## Example: Binary data imputation

In this example, we use the binary data from Schizophrenia data from NIMH study, i.e. `schizob`, which is included in the package. As described in Wang and Liu (2022), the original response variable was in numerical scale. The binary response was created using a cut-point of 3.5. The data is in a wide format.
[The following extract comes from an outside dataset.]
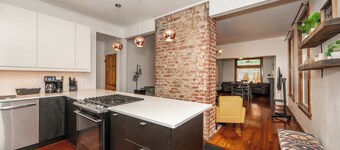 Historic Retreat Gateway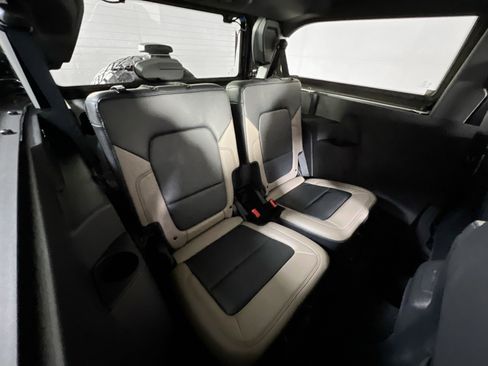 Used 2023 Ford Bronco Wildtrak image 26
Please note that all binary variables which is set to be imputed should be converted into `factor` variables.

``````data(schizob)
head(schizob) %>% kbl(align = "c") %>%
kable_classic_2(full_width = F, html_font = "Cambria") %>%
column_spec(1, width = "2cm") %>%
add_header_above(c(" " = 1, "Responses at the baseline, week 1, week 3, and week 6" = 4))
``````
Responses at the baseline, week 1, week 3, and week 6
tx y0 y1 y3 y6
1 1 0 0 1
1 1 0 0 0
1 1 0 0 NA
1 0 0 0 0
0 1 1 1 1
1 1 1 1 1

Missing pattern is displayed in the following plot:

Figure 1. Missing pattern of Schizophrenia data

To impute missing values with logit model, we can set up `family` argument, say, `family = binomial(link = "logit")`:

``````test = remiod(formula = y6 ~ tx + y0 + y1 + y3, data=schizob, family = binomial(link = "logit"),
trtvar = 'tx', algorithm = "jags", method = "MAR",
n.iter = 0, warn = FALSE, mess = FALSE)
print(test\$mc.mar\$models)

>                y6                   y3                   y1                   y0
"glm_binomial_logit" "glm_binomial_logit" "glm_binomial_logit" "glm_binomial_logit"
``````

However, if probit models are the choice, argument `models` must be set to accompany with `family` argument, like the following:

``````test.probit = remiod(formula = y6 ~ tx + y0 + y1 + y3, data=schizob, family = binomial(link = "probit"),
models = c(y0="glm_binomial_probit",y1="glm_binomial_probit",y3="glm_binomial_probit"),
trtvar = 'tx', algorithm = "jags", method = "MAR",
n.iter = 0, warn = FALSE, mess = FALSE)
print(test.probit\$mc.mar\$models)

>                    y6                    y3                    y1                     y0
"glm_binomial_probit" "glm_binomial_probit"  "glm_binomial_probit"  "glm_binomial_probit"
``````

Let’s run the Probit model with an adaptation of 10000 and 2000 iterations for 4 chains. Chains run in parallel, which is set through `doFuture` package:

``````registerDoFuture()
plan(multisession(workers = 4))

bp.test = remiod(formula=y6 ~ tx + y0 + y1 + y3, data=schizob, family = binomial(link="probit"),
models = c(y0="glm_binomial_probit",y1="glm_binomial_probit",y3="glm_binomial_probit"),
n.iter = 2000,  n.chains = 4, n.adapt = 10000, thin=1, mess=TRUE, warn=FALSE,
algorithm = "jags", trtvar = 'tx', method="MAR")

plan(sequential)
``````

The following plot show the estimated intervals as shaded areas under the posterior density curves for the parameters of treatment variable `tx` in imputation models:

• beta[2] is the coefficient of tx in imputation model y6 ~ tx + y0 + y1 + y3;
• alpha[2] is the coefficient of tx in imputation model y3 ~ tx + y0 + y1;
• alpha[6] is the coefficient of tx in imputation model y1 ~ tx + y0;
• alpha[9] is the coefficient of tx in imputation model y0 ~ tx.

The specified set of parameters can be submitted through argument `subset` with keyword `selected_parms` (alternatively, keyword `selected_vars`, which will be available in the new release, can also be used):

``````pms = c("beta[2]","alpha[2]","alpha[6]","alpha[9]")
mcsub = remiod:::get_subset(object = bp.test\$mc.mar, subset=c(selected_parms = list(pms)))

color_scheme_set("purple")
mcmc_areas(
mcsub,
pars = pms,
prob = 0.95, # 95% intervals
prob_outer = 0.99, # 99%
point_est = "mean"
)
``````

Figure 2. Intervals under the estimated posterior density curves for coefficients of tx in imputation models

### Reference

Wang and Liu. 2022. “Remiod: Reference-Based Controlled Multiple Imputation of Longitudinal Binary and Ordinal Outcomes with Non-Ignorable Missingness.” arXiv 2203.02771.